Kazakistan'da Proton Tedavisi Uygulayan İlk Onkoloji Merkezi Açılıyor
Kazakistan'da gelecek yıl, kanser hastalarına proton tedavisi uygulayan Orta Asya'daki ilk onkoloji merkezi açılacak. Merkez, uluslararası standartlara uygun olarak inşa ediliyor ve 1 Ağustos 2024 tarihine kadar tam kapasiteyle faaliyete geçmesi planlanıyor. Proton tedavisi, hedefe yönelik ve yumuşak bir ışınlama sağlayarak minimum düzeyde radyasyona maruz kalmayı ve çevredeki dokulara en az zarar verilmesini amaçlıyor.
Kazakistan'da gelecek yıl, kanser hastalarına proton tedavisi uygulayan Orta Asya'daki ilk onkoloji merkezi açılacak.
Kazakistan Başbakanlığının Basın Ofisinden yapılan açıklamaya göre, Başbakan Alihan İsmailov, Astana'da gelecek yıl hizmete açılacak Ulusal Bilimsel Onkoloji Merkezinin yeni binasında incelemelerde bulundu.

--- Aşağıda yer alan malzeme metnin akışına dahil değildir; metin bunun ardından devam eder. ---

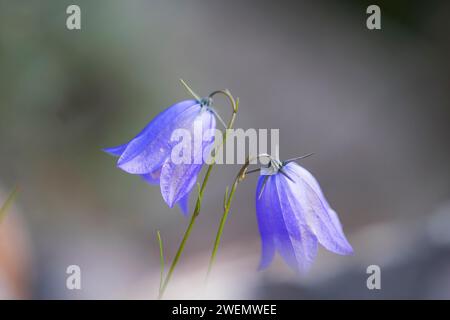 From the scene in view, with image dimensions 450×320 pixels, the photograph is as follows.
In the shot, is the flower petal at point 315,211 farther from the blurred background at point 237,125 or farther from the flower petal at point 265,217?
the blurred background at point 237,125

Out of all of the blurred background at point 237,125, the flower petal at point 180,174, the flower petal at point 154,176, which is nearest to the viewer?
the flower petal at point 180,174

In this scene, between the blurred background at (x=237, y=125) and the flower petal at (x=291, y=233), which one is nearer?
the flower petal at (x=291, y=233)

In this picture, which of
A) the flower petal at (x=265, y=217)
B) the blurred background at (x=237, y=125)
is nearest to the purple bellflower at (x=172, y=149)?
the flower petal at (x=265, y=217)

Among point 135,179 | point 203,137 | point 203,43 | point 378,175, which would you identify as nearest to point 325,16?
point 203,43

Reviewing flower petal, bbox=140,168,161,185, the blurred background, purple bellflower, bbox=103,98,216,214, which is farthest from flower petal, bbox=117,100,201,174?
the blurred background

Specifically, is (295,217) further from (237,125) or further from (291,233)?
(237,125)

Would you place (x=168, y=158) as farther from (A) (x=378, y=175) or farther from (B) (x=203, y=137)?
(A) (x=378, y=175)

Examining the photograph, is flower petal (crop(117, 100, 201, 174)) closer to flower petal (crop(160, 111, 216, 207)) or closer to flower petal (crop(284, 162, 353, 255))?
flower petal (crop(160, 111, 216, 207)) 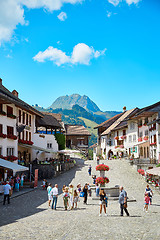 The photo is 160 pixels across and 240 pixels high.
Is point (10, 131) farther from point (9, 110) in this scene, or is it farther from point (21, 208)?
point (21, 208)

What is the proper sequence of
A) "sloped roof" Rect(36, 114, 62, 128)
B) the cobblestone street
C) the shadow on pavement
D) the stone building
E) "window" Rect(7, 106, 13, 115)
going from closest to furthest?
the cobblestone street < the shadow on pavement < "window" Rect(7, 106, 13, 115) < "sloped roof" Rect(36, 114, 62, 128) < the stone building

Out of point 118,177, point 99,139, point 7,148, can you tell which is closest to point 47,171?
point 7,148

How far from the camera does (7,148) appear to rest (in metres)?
33.6

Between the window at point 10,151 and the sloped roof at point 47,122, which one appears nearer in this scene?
the window at point 10,151

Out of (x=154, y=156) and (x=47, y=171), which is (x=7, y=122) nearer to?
(x=47, y=171)

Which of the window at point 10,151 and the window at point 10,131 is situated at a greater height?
the window at point 10,131

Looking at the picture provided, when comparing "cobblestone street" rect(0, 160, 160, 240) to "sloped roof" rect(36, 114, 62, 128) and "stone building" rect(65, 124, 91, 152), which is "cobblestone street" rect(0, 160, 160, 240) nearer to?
"sloped roof" rect(36, 114, 62, 128)

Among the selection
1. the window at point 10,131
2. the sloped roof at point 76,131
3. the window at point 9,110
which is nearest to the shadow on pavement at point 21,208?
the window at point 10,131

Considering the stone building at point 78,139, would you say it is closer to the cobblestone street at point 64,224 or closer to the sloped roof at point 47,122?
the sloped roof at point 47,122

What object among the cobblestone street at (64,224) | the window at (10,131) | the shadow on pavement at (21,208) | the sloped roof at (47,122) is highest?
the sloped roof at (47,122)

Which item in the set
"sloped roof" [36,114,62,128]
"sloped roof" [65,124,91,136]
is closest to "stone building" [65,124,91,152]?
"sloped roof" [65,124,91,136]

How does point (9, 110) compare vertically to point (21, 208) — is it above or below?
above

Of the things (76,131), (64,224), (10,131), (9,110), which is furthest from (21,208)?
(76,131)

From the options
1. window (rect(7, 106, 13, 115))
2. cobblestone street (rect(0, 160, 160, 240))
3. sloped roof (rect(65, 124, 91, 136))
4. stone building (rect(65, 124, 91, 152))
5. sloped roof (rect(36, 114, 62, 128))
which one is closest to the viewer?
cobblestone street (rect(0, 160, 160, 240)) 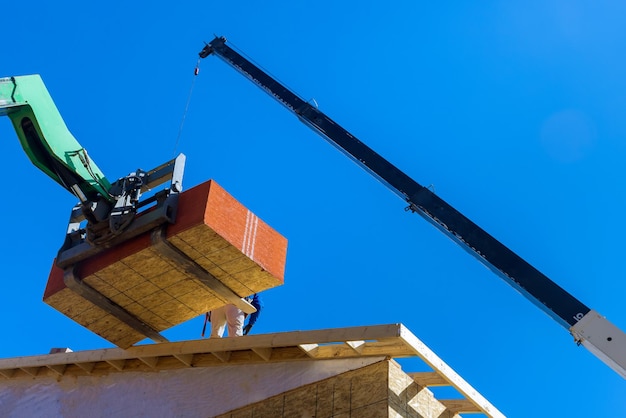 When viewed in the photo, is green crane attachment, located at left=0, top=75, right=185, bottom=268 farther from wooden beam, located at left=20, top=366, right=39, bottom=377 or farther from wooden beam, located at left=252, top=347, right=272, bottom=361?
wooden beam, located at left=20, top=366, right=39, bottom=377

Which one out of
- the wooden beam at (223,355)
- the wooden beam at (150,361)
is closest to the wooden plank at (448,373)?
the wooden beam at (223,355)

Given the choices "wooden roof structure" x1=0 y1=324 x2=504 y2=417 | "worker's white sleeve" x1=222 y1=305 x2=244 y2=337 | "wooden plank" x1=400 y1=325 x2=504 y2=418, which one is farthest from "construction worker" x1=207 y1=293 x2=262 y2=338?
"wooden plank" x1=400 y1=325 x2=504 y2=418

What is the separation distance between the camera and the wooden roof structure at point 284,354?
9.16 meters

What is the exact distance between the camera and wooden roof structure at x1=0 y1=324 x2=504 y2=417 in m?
9.16

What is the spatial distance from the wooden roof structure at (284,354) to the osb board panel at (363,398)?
21cm

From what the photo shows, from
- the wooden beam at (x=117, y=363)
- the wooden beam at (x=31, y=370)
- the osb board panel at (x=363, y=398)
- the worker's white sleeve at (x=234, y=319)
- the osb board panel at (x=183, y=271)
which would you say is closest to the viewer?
the osb board panel at (x=363, y=398)

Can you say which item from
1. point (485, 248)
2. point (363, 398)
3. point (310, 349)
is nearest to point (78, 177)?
point (310, 349)

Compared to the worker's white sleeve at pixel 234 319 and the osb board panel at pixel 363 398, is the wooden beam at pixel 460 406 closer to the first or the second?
the osb board panel at pixel 363 398

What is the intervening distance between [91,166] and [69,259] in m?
1.41

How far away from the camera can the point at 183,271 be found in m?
9.64

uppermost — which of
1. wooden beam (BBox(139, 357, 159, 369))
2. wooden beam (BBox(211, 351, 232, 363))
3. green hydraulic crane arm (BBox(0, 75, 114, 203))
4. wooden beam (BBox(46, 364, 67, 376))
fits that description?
green hydraulic crane arm (BBox(0, 75, 114, 203))

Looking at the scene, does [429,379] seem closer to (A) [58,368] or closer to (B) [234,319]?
(B) [234,319]

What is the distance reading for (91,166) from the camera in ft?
34.5

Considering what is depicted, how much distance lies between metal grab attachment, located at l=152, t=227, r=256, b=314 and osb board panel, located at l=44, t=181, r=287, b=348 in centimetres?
7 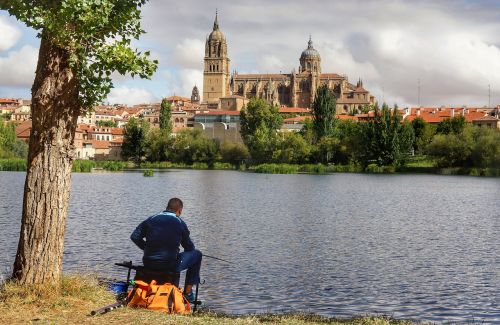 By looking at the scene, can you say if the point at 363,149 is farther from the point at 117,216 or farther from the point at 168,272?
the point at 168,272

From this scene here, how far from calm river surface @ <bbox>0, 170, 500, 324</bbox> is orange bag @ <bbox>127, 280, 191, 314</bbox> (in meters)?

İsmailov, ülkede her yıl 37 binden fazla kanser vakasının ve 13 binin üzerinde de kanserden kaynaklı ölümün kaydedildiği bilgisini paylaşarak, "Zor bir proje oldu ama merkezin uluslararası standartlara uygunluğunu sağlamak için inşaatında ilgili deneyime sahip uluslararası şirket yer aldı." diye konuştu.

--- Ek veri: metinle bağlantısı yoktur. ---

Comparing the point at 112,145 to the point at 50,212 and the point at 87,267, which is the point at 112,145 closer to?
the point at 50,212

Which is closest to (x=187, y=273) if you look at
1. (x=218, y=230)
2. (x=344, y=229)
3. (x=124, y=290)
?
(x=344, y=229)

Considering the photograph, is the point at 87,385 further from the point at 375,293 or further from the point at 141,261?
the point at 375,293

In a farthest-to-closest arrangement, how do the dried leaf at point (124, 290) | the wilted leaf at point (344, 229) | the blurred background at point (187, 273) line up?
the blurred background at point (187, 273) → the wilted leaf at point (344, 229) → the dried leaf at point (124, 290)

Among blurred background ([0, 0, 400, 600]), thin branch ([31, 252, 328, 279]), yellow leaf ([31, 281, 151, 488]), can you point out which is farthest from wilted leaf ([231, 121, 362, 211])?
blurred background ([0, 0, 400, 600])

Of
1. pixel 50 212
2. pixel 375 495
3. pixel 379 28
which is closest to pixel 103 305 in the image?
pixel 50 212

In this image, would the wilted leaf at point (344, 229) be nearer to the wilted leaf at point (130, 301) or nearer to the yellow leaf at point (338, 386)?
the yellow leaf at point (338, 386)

Başbakan İsmailov, merkezin, 1 Ağustos 2024 tarihine kadar tam kapasiteyle faaliyete açılması için gerekli süreci ilerletme talimatı verdi.
Halihazırda inşaat çalışmalarının yüzde 90'ının tamamlandığı ve 210 kişilik yatak kapasitesiyle radyasyon ve nükleer tıp alanında yüksek teknoloji ile donatılan merkezde, ayrıca proton tedavi merkezi de faaliyet gösterecek.
Böylece, Kazakistan, Orta Asya'da kanser hastalarına proton tedavisi uygulamaya başlayan ilk ülke olacak.
Merkezin Onkoloji Cerrahı Adilbek Mukacanov, konuyla ilgili gazetecilere yaptığı açıklamada, "Burası, Kazakistan ve Orta Asya'da proton tedavisinin yapılacağı tek merkez olacak. Dünyada bu tür merkezlerin sayısı 100'ü aşmıyor." dedi.
Mukacanov, proton tedavisinin özelliklerini anlatarak, "En önemli özelliği ışınlamanın daha hedefe yönelik ve yumuşak olmasıdır. Bu durum, özellikle çocuklar ve zayıflamış hastalar söz konusu olduğunda önemlidir. Minimum düzeyde radyasyona maruz kalmayı ve çevredeki dokulara en az düzeyde zarar verilmesini sağlıyor. Aynı zamanda ikincil radyasyon tümörlerinin gelişme olasılığı da en aza indirilecektir." ifadesini kullandı.